If any of you have any good low fat, low sodium, yet tasty recipes involving these, maybe you can indulge me with one!  Think healthy!

I will keep this thread bumped up over the duration so everyone can submit their ideas.  Tonight this is what im doing.

3 Whole Chicken Breasts
Can Stewed Tomatoes
Diced Bellpepper
Diced Onion
Oregano
Salt
Pepper
Olive Oil

I browned the chicken in a large steel skillet with a dash of olive oil, then i threw in the can of  stewed tomatoes and the veggies. I added salt and pepper and oregano, and put it in a 300 degree oven until chicken is no longer pink. I served with wild rice.

Submit any of your fav lowfat/ healthy recipes using these 4 ingredients!
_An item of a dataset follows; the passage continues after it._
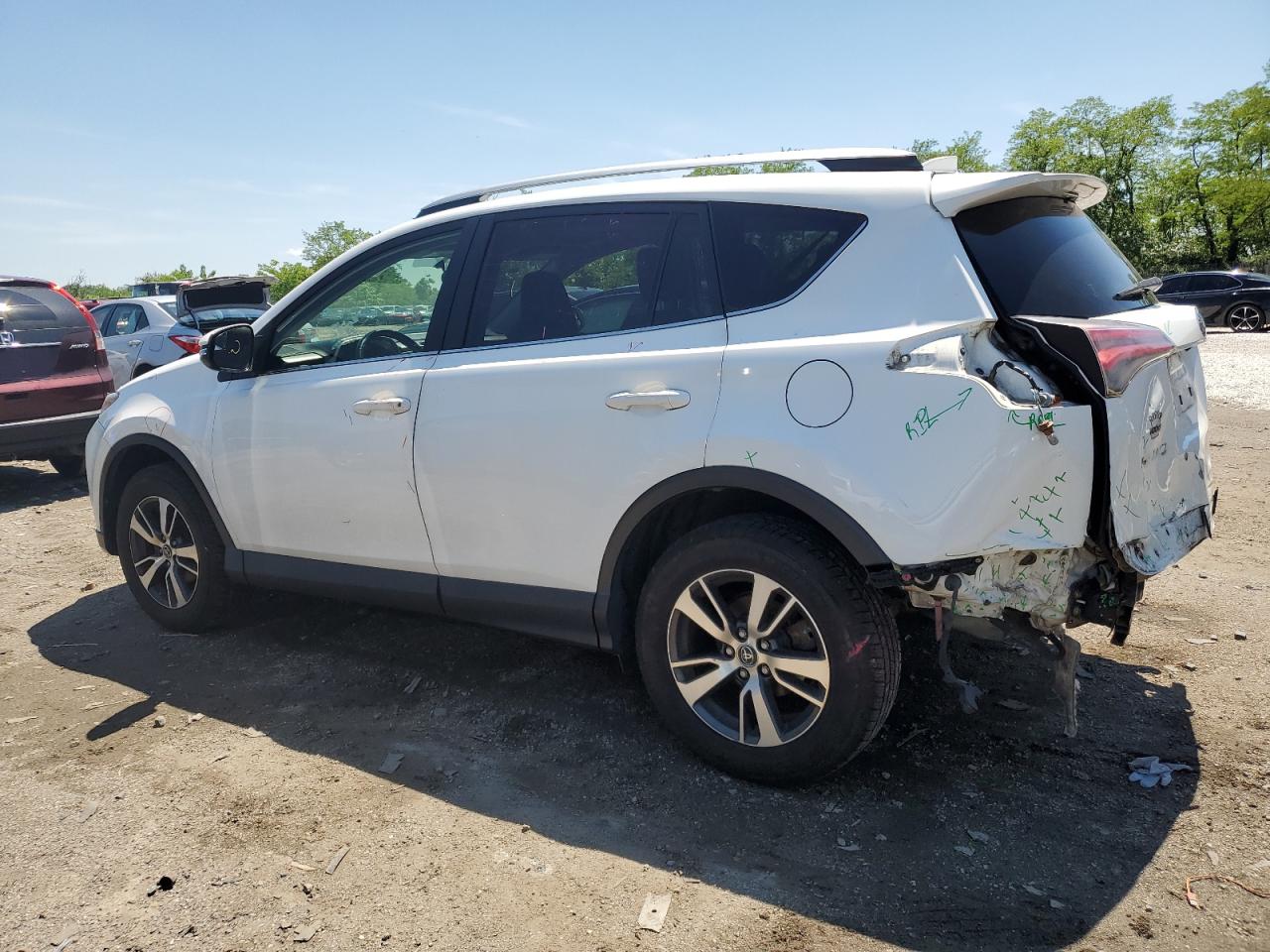 JTMRFREV4GJ092152 2016 Toyota Rav4 Xle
edit: cooked it at more like 300 and covered steel skillet with foil, it was tender and moist and delicious.


----------



## SizzlininIN (Apr 13, 2005)

Try marinating your chicken breast in some low fat or no fat dressing.  I last used Zesty Italian Dressing......not sure if it comes in light or non fat but its worth checking into.  Anyway I marinated the meat for 8 hours and then grilled it............so moist and yummy! I'd take this idea and cut it up into slices and add it to a mixture of salad greens.....I like the prepackaged Italian Blend because of the peppery arugula...........add some yummy vegetables and toss with some more of the dressing.


----------



## digigirl (Apr 13, 2005)

How about making some wraps from steak or chicken? Use big lettuce leaves, fill with a mixture of grilled meat and veggies, and chow down. There are some good recipes for this in the latest Cuisine at Home magazine, and I know I've seen some cookbooks specifically for wraps before. Lots of different ways you can do them, and lots of low-calorie dipping sauces out there, too. Go Asian, BBQ, you name it!


----------



## mudbug (Apr 13, 2005)

moved to health, nutrition, and special diets.


----------



## amber (Apr 13, 2005)

With steak I sear it first in a cast iron pant, then add onions til translucent, then add worceshire sauce, and finish it off in the oven until med rare. I prefer rib eye steaks.  Of course add whatever herbs you like, but I only add black pepper.  If the worceshire sauce is too salty for you, maybe try low sodium beef broth?  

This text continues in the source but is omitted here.